- Origin: New York, U.S.
- Genres: Electronic, house, deep house tech house
- Occupations: DJ, record producer
- Years active: 1999–present
- Labels: Subliminal, Perfecto

= Harry Romero =

American DJ and producer

Harry "Choo Choo" Romero is an American house DJ and producer.

==Career==
Romero is linked with the label Subliminal with Erick Morillo and Jose Nuñez, with whom he also produced and remixed several tracks, as 'Constipated Monkeys', 'The Dronez' or 'Ministers De La Funk'. The trio won the Muzik Remixer of the Year award in 1999. When working alone, he also uses the pseudonyms 'HCCR' and 'Mongobonix'. Romero owns a sub-label of Subliminal called Bambossa, in which he has released six tracks, including "Tania", "What Happened", "Son of Mongo", and "Warped".

Romero has mixed several of the Subliminal Sessions series of mix albums, blending releases from the Subliminal stable with other current house tracks.
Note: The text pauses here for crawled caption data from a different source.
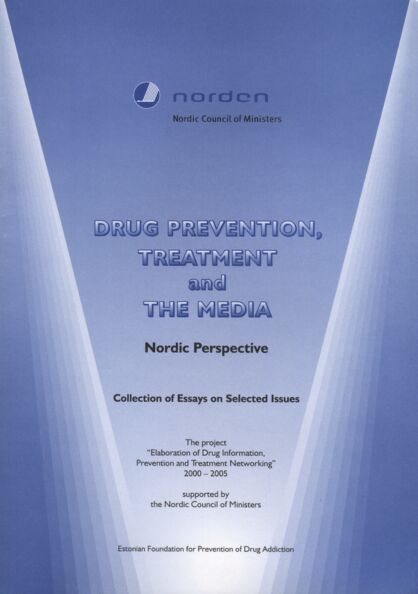Drug prevention, treatment and the media. Nordic Perspective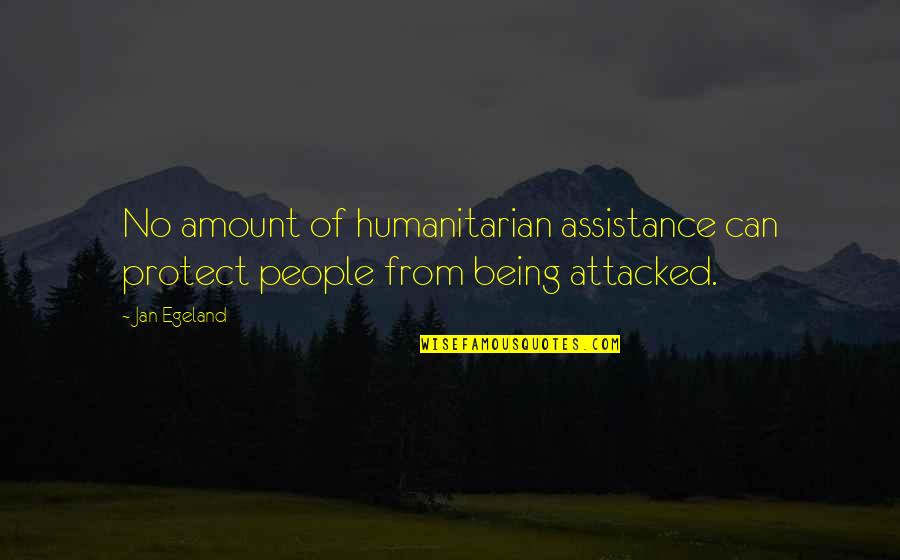 Tsukahara Tuck Quotes By Jan Egeland: No amount of humanitarian assistance can protect people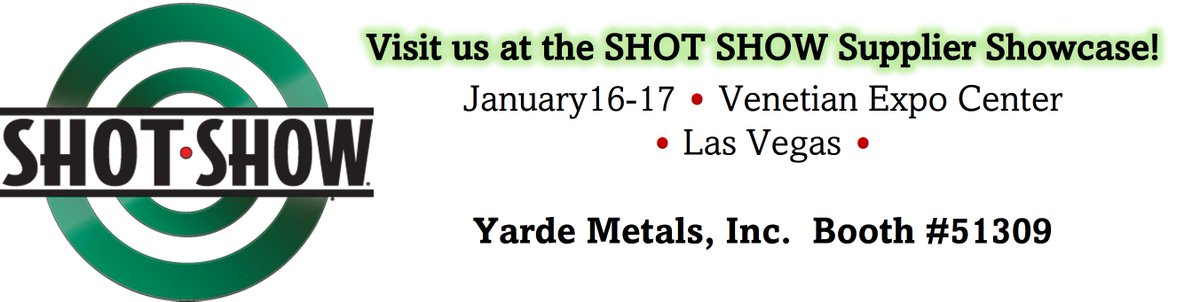 Don't just roll the dice....place your bets on Yarde!  Visit us at the SHOT SHOW next week in Las Vegas to learn about our quality products and services. See you at the Supplier Showcase at booth #51309!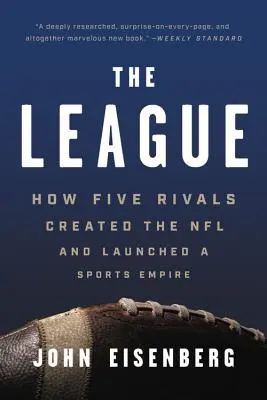 A Liga: Hogyan teremtette meg öt rivális az NFL-t és indított el egy sportbirodalmat? - The League: How Five Rivals Created the NFL and Launched a Sports Empire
His latest release was a remix of a Nick & Danny Chatelain track called "Me Resuelve". He continues to play at Subliminal session parties worldwide, including those in Pacha, Ibiza. In 2007, he set up a four-date residency throughout the year at the SE1 club in London, with the last party taking place on October 10 that year.

Romero has had two appearances under his own name in the UK Singles Chart, with "Just Can't Get Enough" (1999, #39) and "I Want Out (I Can't Believe)" (2001, #51), as well as "Hazin' and Phazin (2000, #21) under the name Choo Choo Project.